25/09/2025
"Nietzsche era extraordinariamente sensível ao espírito da época; ele sentiu muito claramente que estamos vivendo, agora, em uma época em que novos valores deveriam ser descobertos, pois os velhos estão decaindo. Pois, assim que uma dúvida se torna óbvia, o símbolo morreu. Mesmo se apenas um homem ouse confrontar a Igreja, argumentar contra a autoridade dela, uma pessoa sensível está acabada se não pode refutar esse argumento. Ele percebe, de uma só vez, que o sistema todo morreu, por haver uma fenda ínfima em sua autoridade. Se ele não funciona mais, Deus se tornou vulnerável, e toda a vida esvaiu-se dele. Nietzsche sentiu isso, e, instantaneamente, de forma natural, todo o processo simbólico que tinha chegado ao fim no exterior começou nele próprio. Assim, ele tinha esse inconsciente terrivelmente tenso, ameaçador, que começava a desgastar a parede divisória, a irromper aqui e acolá. E isso, é claro, perturba o sono, de modo que ele, naturalmente, olha para trás com um certo pesar por uma época em que podia dormir, em que não estava preocupado.
Certa vez, discuti determinados problemas psicológicos com um professor, um católico muito bom, e ele disse: "Não vejo por que você deveria se preocupar com essas coisas. Se alguma coisa é duvidosa ou problemática, eu simplesmente pergunto ao meu bispo, e ele me diz tudo a respeito, e se ele por acaso não sabe, escreve para Roma, onde lhe dirão o que ele deveria pensar a respeito.
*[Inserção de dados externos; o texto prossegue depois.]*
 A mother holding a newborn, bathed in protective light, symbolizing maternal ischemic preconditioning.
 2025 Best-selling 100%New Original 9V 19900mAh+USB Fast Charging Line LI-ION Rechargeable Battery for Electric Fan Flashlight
Eles têm ali a autoridade; por dois mil anos, as cabeças mais inteligentes do mundo estudaram esses problemas. Por que eu deveria imaginar que poderia resolvê-los? Não sou um especialista". E, assim, ele tinha, com certeza, um sono muito bom e uma digestão muito boa; ele não é perturbado, porque não há nem mesmo uma ínfima fenda na autoridade. Mas isso não era assim para o pobre Nietzsche."
Jung - O Zaratustra de Nietzsche págs. 461/462 Volume.1 - versão e-book.